Plusieurs incidents de paiements sont intervenus.
Le bailleur a fait délivrer un commandement de payer visant la clause résolutoire, par acte de commissaire de justice en date du 2 juillet 2024, à la société COIFFEUR DZ, pour une somme de 6 083,73 euros en principal, au titre de l’arriéré locatif au 21 juin 2024.

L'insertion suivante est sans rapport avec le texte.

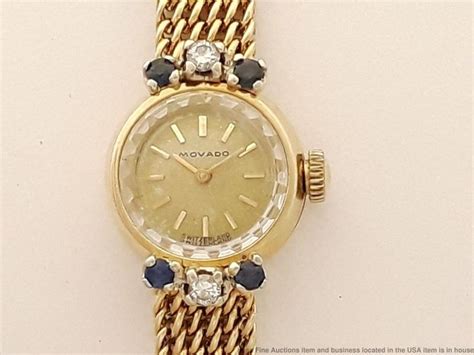 Vintage Natural Sapphire Fine Diamond 14K Gold Movado Running Ladies Watch | eBay | Womens ...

Faisant état du caractère infructueux du commandement dans le mois qui a suivi, Monsieur [P] [F] a fait assigner, par acte de commissaire de justice délivré le 27 mai 2025, la société COIFFEUR DZ devant la présidente du tribunal judiciaire de Vienne en référés aux fins de voir, au visa de l’article L145-41 du code de commerce :
— constater l’acquisition de la clause résolutoire insérée au bail,
— ordonner l’expulsion de la société COIFFEUR DZ et celle de tous occupants de son chef des lieux loués avec le concours de la force publique et d’un serrurier si besoin est,
— la condamner au paiement d’une somme provisionnelle de 9 212,24 euros au titre de l’arriéré locatif, arrêté au 16 avril 2025,
— la condamner au paiement d’une indemnité d’occupation provisionnelle mensuelle égale au montant des loyers, charges et taxes, à compter de la date de résiliation du bail et jusqu’à la libération des locaux qui se matérialisera par la remise des clés,
— la condamner au paiement d’une somme de 2 500 euros au titre des dispositions de l’article 700 du code de procédure civile et aux entiers dépens, en ce compris le coût du commandement de payer et de l’assignation.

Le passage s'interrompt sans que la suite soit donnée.